COLLECTED DATA:
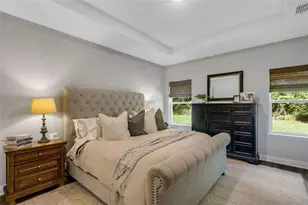 2980 Keens Grv Wy, Lakeland, FL 33810 - Photo 17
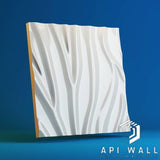 SEAWEED - API Wall
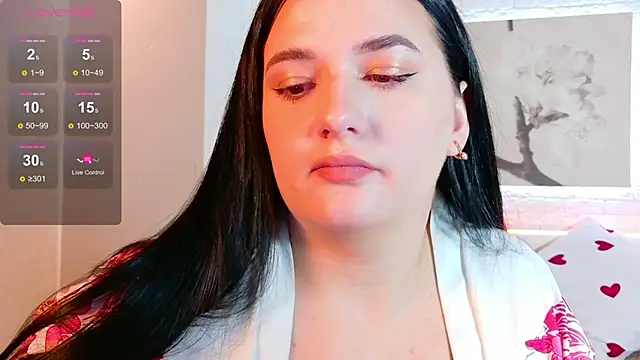 Grand Vita online show from March 20, 2026, 10:31 am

WHAT YOU NEED TO DO:
All of the data gets printed again exactly; the pictures do not.

THE COMPLETED TASK:
 2980 Keens Grv Wy, Lakeland, FL 33810 - Photo 17
 SEAWEED - API Wall
 Grand Vita online show from March 20, 2026, 10:31 am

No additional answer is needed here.